Saturday, August 18, 2007

I Got The Message

It took two experiences, but I finally got the message. A local restaurant chain that serves delicious Mexican food has triggered an ulcer war both times I ate there. There's also another popular home-cooking chain that does the same thing to me. It might be the oil they use.

Patty and I indulged in the Mexican food today and I ate a lot. It was my only meal of the day and I was famished. They serve unique individual bowls of chips with salsa. The chips are different than what most restaurants serve in that the shape is smaller, almost like Fritos, and they are crunchy, greasy and delicious. The grease will get me almost every time.

I'd rather omit a restaurant from my list of places to eat because of a dislike for their food or service. I don't want to scratch one off because the food doesn't like me. Knowing how I reacted when Allison took me there once, I swallowed an acid reducer prior to eating. I took two more when I got home, and two more a little later when the pain wouldn't let up. I'm asking God for a cast iron stomach when I get to heaven.

Before the pain really set in, Patty and I went to a quaint little cafe for coffee, apricot tea, and caramel apple pastries. That didn't help me any. When indulging in instant gratification, we usually pay the consequences later.

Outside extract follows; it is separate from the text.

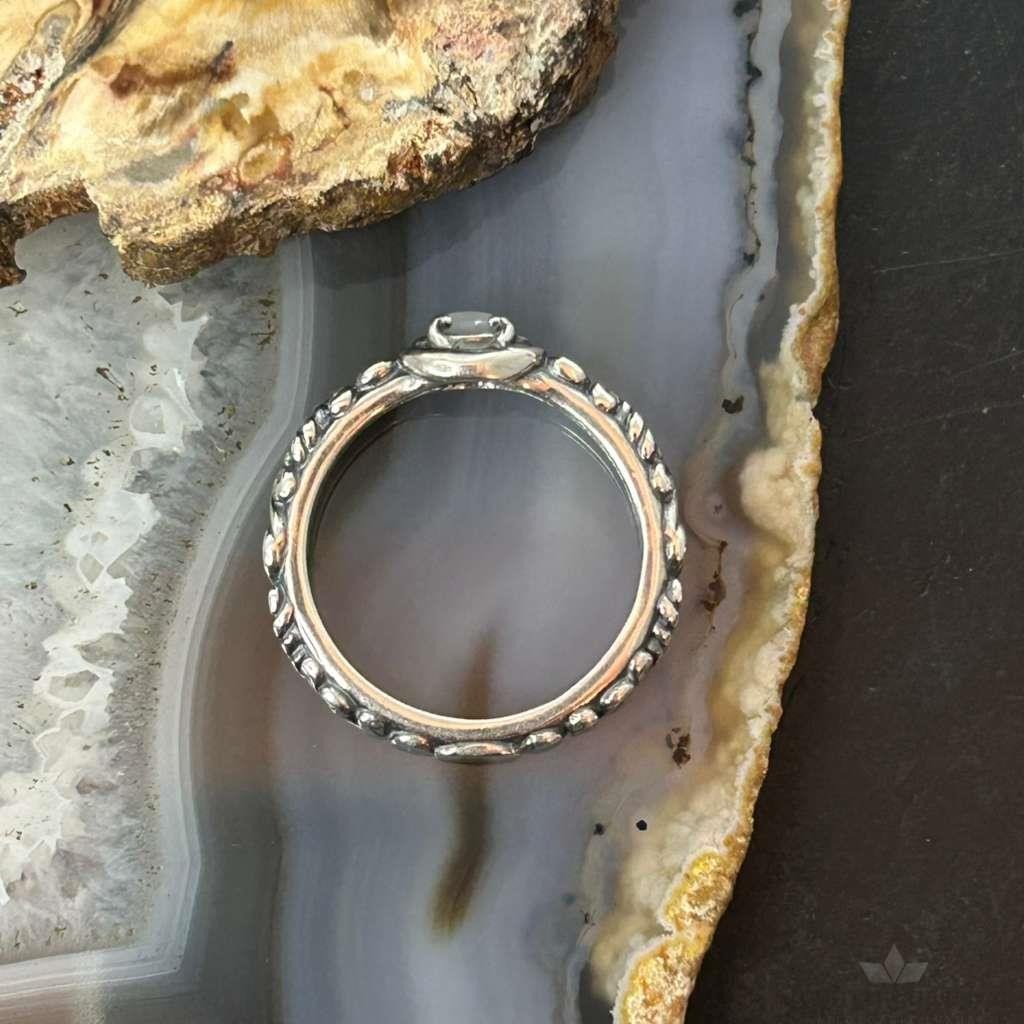 Carolyn Pollack Sterling Silver Oval MOP Slim Decorated Ring For Women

Note to self: There are two restaurants who serve food that makes your taste buds rejoice! Stay away! The pain isn't worth the fun. It's kinda like having sex and getting pregnant.

13 comments:

Anonymous said...

I'm so sorry mommy. I wish I got sick at MI, maybe I'd stop eating there and get rid of my caboos

Anonymous said...

Is it Mexican Inn? They have such good food. Just remember to use protection before sex and before eating.

Peggy said...

Yes, it was Mexican Inn. The other culprit is Cracker Barrel.

I will definitely use protection before eating there again - providing I'm stupid enough to do so - and thankfully, I don't have to worry about getting pregnant. As my daughters will boldly inform you, I have no uterus.

Anonymous said...

And always make sure before you put milk in your coffee that it hasn't been sitting out for a while.....lol lol lol

I can see it now, angels dishing out Salsa and chips and Peggy eating as much as she wanted...that would be heaven!

angela | the painted house said...

I'm glad my uterus is almost closed for business...now if I can just get Clayton in for the snip-snip.

Didn't we pickle your uterus to put on the mantle?

Peggy said...

Yes, we did. And for those of you who eat at my house, you'll be relieved to know it's still on the mantle. Although pickled uterus might make a good side dish . . .

A snip-snip is easier than a cut-cut. Recovery time is nothing. But that's coming from a woman. My kids' Daddy did it for me.

Anonymous said...

WHAT?! YOUR UTERUS IS PICKLED AND ON THE MANTLE??!! I thought seeing my Mom's gallbladder stones was gross.

Angela, I'm still holding out for another neice. Wouldn't that be great!

I agree with Cheryl D....angels dishing out salsa and chips would be heaven!

Peggy said...

LOL, Cristal, my uterus and other accompanying organs probably ended up in an incinerator back in 1989. I may be vain, but that is taking it too far. Don't worry, you can eat in my home without worrying about mystery meat.

angela | the painted house said...

No more nieces for you, Cristal. My uterus is closing up shop. Did you know that uterus starts with the letter U?

Anonymous said...

Angela, are you asking Cristal for a niece?

Peggy said...

I got the hint, Cristal, did U????

Anonymous said...

I would love to have a little girl someday but I need a good babysitter....When will you be moving back to Texas, Aunt Angela??

Peggy, next time I'm over my eyes will be on the mantle and whatever is on my plate......

Anonymous said...

Now that I'm thinking about it, I better hurry up and have that baby girl before my Uterus is pickled!